Furthermore, in the high pressure core cooling system configured as described above, the condensate storage tank 3, the cooling water pump 6,
When water source switching occurs during the minimum flow rate bypass operation of the condensate storage tank 3, the pool side suction valve control device 22 and the tank side suction valve control device 23 work together to switch the tank side suction valve 4 and the pool side suction valve. 10
The pool side bypass valve 13
is fully opened by the pool-side bypass valve control device 24, and then the tank-side bypass valve 16 is closed. At this time, even if the tank-side bypass valve 16 to the condensate storage tank 3 does not close due to a failure, the tank-side bypass line 17 will always be closed because the stop valve 15 will be closed at the same time. Become.
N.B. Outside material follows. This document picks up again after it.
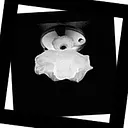 426/1PF IDL Bouquet, Накладной светильник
[Effects of the Invention] As described above, according to the high-pressure core cooling system of the present invention, when performing minimum flow bypass operation using the condensate storage tank as a water source, the tank-side bypass line connected to the condensate storage tank can be This makes it possible to prevent water source switching to the suppression pool during minimum flow bypass operation that uses the condensate storage tank water source, and to ensure that high-quality cooling water is kept in the reactor pressure vessel for a longer period of time. It becomes possible to inject into.
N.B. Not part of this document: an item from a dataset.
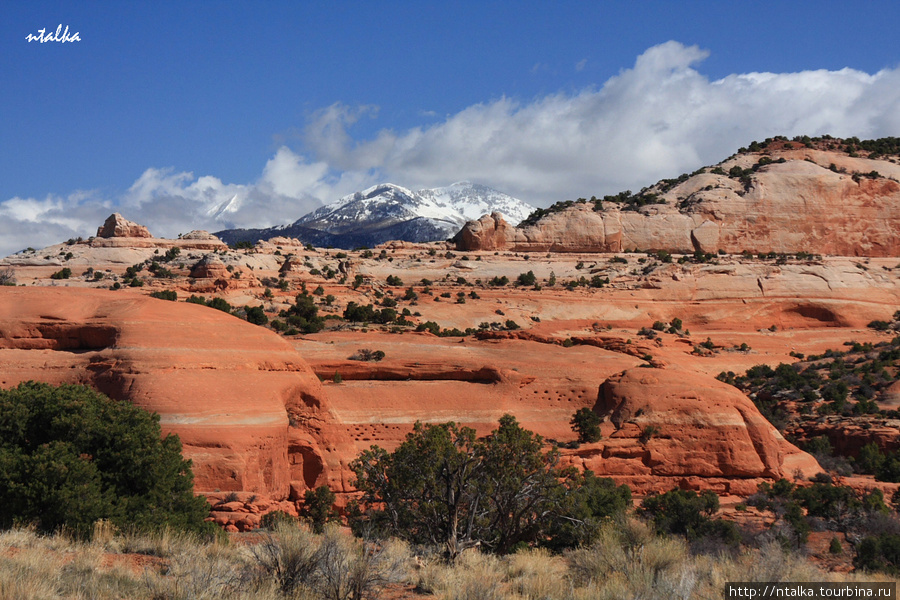 Arches National Park, Utah Национальный парк Арчес, CША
[Brief explanation of the drawing]

FIG. 1 is a piping system diagram showing an embodiment of the present invention;
Figure 2 is a block diagram of the pool side suction valve control device.
Figure 3 is a block diagram of the tank side suction valve control device.
FIG. 4 is a block diagram of the pool side bypass valve control device, FIG. 5 is a block diagram of the tank side bypass valve control device, and FIG. 6 is a block diagram of the stop valve control device. 1...Injection line, 2...Reactor pressure vessel, 3
... Condensate storage tank, 4 ... Tank side suction valve, 6
... Cooling water pump, 7 ... Injection valve, 10 ... Pool side suction valve, 12 ... Pool water piping, 13 ... Pool side bypass valve, 14 ... Pool side bypass line, 16 ... Tank side bypass valve , 17...tank side bypass line.

Claims (1)

[Claims] 1 Connect the reactor pressure vessel and the condensate storage tank, and sequentially from the condensate storage tank side, the tank side suction valve,
a cooling water pump, an injection line in which an injection valve is arranged, and a pool water pipe provided with a pool side suction valve that connects between the tank side suction valve and the cooling water pump and the suppression pool; A pool-side bypass line having a pool-side bypass valve connecting between the cooling water pump and the injection valve and the suppression pool, and connecting between the cooling water pump and the injection valve and the condensate storage tank. When the flow rate of the injection line decreases below a preset value during operation using the condensate storage tank as a water source, the tank side bypass line is equipped with a tank side bypass valve, and when the flow rate of the injection line decreases below a preset value, the tank side bypass valve is opened and the tank side bypass line is opened. A tank side bypass valve control device performs bypass operation using a side bypass line, and when the flow rate of the injection line decreases below a preset value during operation using the suppression pool as a water source, the pool side bypass valve is opened. A high-pressure core cooling system comprising: a pool-side bypass valve control device that performs bypass operation using the tank-side bypass line.